Holly shook her head, but she was smiling. “Bail-jumpers, repos, and lost dogs are enough for me. I never want to be part of another murder investigation.”
He stood up. “Time for you to go back to your room and get some shut-eye. If you’re right about any of this, tomorrow’s going to be a John Wayne day.”
“In a minute. I had another reason for coming here. You better sit down.”
16
Even though she was a much stronger person than she had been on the day she’d had the great good fortune to meet Bill Hodges, Holly was not used to telling people they had to change their behavior, or that they were flat-out wrong. That younger woman had been a terrified, scurrying mouse who sometimes thought suicide might be the best solution for her feelings of terror, inadequacy, and free-floating shame. What she felt most of all on the day when Bill had sat down next to her behind a funeral parlor she could not bring herself to enter, was the sense that she had lost something vital; not just a purse or a credit card, but the life she could have led if things had been just a little different, or if God had seen fit to put just a little more of some important chemical in her system.
I think you lost this, Bill had said, without ever actually saying it. Here, better put it back in your pocket.
Now Bill was dead and here was this man, so like Bill in many ways: his intelligence, his occasional flashes of good humor, and most of all, his doggedness. She was sure Bill would have liked him, because Detective Ralph Anderson also believed in chasing the case.
But there were differences, too, and not just that he was thirty years younger than Bill had been when he died. That Ralph had made a terrible mistake in arresting Terry Maitland in public, before he understood the true dimensions of the case, was only one of those differences, and probably not the most important, no matter how it haunted him.
God, help me tell him what I need to tell him, because this is the only chance I’ll have. And let him hear me. Please God, let him hear me.
She said, “Every time you and the others talk about the outsider, it’s conditional.”

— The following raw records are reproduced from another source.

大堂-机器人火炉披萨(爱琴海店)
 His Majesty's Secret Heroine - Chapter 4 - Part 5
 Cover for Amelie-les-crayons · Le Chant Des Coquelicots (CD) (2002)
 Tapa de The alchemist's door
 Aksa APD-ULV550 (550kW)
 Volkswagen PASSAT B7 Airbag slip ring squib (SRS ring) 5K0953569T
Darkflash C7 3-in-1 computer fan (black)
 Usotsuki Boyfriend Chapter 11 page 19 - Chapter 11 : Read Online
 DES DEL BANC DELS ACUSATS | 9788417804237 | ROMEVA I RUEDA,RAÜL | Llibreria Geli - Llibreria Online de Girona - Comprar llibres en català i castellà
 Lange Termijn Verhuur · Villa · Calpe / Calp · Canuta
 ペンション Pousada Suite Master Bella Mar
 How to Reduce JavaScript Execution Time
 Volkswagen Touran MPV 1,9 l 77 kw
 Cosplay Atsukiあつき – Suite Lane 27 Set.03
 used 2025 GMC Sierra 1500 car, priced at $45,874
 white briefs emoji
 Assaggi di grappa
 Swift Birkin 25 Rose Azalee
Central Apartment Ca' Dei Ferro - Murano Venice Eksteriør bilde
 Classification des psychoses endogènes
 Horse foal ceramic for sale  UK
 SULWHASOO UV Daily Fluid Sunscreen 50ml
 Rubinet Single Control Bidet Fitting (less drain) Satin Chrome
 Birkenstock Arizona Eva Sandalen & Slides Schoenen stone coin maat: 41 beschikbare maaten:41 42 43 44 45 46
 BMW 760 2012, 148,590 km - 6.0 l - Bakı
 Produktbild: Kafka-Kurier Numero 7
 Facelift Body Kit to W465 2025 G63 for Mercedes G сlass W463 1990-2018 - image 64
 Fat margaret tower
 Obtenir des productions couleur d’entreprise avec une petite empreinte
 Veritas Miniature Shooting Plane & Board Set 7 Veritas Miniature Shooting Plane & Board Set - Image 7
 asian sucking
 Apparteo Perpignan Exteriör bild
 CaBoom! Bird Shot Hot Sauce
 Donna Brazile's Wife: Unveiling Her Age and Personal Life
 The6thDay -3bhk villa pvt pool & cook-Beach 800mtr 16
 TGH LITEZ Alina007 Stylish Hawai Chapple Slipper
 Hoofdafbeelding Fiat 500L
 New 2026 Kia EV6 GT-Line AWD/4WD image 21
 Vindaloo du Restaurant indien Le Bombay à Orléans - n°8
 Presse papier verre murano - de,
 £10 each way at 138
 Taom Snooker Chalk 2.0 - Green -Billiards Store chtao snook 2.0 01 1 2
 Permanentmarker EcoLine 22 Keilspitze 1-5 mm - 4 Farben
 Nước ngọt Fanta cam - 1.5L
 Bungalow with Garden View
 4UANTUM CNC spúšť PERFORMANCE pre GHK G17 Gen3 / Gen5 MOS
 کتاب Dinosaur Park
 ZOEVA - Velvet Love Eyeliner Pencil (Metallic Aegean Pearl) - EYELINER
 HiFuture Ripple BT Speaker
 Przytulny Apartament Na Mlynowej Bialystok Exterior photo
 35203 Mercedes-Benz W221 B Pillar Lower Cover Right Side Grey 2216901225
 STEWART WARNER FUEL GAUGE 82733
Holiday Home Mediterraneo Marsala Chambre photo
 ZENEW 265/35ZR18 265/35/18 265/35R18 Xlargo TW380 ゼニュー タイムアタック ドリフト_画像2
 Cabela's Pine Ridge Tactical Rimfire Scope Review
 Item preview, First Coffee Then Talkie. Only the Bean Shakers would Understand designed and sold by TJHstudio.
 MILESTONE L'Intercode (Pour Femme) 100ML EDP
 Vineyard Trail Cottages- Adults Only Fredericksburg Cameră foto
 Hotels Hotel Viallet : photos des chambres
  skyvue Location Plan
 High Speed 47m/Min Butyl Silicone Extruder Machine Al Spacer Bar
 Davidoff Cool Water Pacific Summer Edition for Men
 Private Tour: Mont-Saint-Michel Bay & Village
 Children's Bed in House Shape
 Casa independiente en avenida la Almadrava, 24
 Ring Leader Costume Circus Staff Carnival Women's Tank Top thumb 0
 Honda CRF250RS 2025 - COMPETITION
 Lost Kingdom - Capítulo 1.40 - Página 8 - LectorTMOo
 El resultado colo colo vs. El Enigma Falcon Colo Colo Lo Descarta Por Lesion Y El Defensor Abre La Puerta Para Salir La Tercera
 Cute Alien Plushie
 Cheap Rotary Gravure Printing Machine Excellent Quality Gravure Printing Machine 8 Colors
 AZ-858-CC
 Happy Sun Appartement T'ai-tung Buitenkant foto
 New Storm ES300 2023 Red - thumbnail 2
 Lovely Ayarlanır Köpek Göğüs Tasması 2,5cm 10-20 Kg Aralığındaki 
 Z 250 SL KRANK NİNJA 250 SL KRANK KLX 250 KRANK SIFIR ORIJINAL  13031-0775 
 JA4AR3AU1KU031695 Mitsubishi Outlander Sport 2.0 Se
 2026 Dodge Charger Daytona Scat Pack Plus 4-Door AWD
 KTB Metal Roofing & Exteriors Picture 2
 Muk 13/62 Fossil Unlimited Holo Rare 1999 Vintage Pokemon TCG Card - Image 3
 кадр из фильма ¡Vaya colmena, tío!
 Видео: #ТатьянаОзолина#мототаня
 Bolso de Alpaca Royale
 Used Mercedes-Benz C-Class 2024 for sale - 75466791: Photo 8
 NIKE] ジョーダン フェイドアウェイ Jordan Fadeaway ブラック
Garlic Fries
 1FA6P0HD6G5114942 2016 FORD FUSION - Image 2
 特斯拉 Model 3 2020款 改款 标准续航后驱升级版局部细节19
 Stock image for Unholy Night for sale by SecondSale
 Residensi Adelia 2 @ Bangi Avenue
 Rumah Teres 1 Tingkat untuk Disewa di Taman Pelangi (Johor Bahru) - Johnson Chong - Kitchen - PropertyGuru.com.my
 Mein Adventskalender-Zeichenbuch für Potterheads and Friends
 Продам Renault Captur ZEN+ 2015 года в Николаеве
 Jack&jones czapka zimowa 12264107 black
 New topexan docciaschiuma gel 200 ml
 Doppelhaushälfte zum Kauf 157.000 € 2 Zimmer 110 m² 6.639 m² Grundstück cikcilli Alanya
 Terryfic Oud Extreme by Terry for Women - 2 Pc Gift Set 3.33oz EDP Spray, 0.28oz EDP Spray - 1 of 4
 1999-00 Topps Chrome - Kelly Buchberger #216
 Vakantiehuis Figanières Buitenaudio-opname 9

“I’m not sure I understand you, Holly.”
“I think you do. ‘If he exists. Supposing he exists. Assuming he exists.’ ”
Ralph was silent.
“I don’t care about the others, but I need you to believe, Ralph. I need you to believe. I do, but I’m not enough.”
“Holly—”
“No,” she said fiercely. “No. Listen to me. I know it’s crazy. But is the idea of El Cuco any more inexplicable than some of the terrible things that happen in the world? Not natural disasters or accidents, I’m talking about the things some people do to others. Wasn’t Ted Bundy just a version of El Cuco, a shape-shifter with one face for the people he knew and another for the women he killed? The last thing those women saw was his other face, his inside face, the face of El Cuco. There are others. They walk among us. You know they do. They’re aliens. Monsters beyond our understanding. Yet you believe in them. You’ve put some of them away, maybe seen them executed.”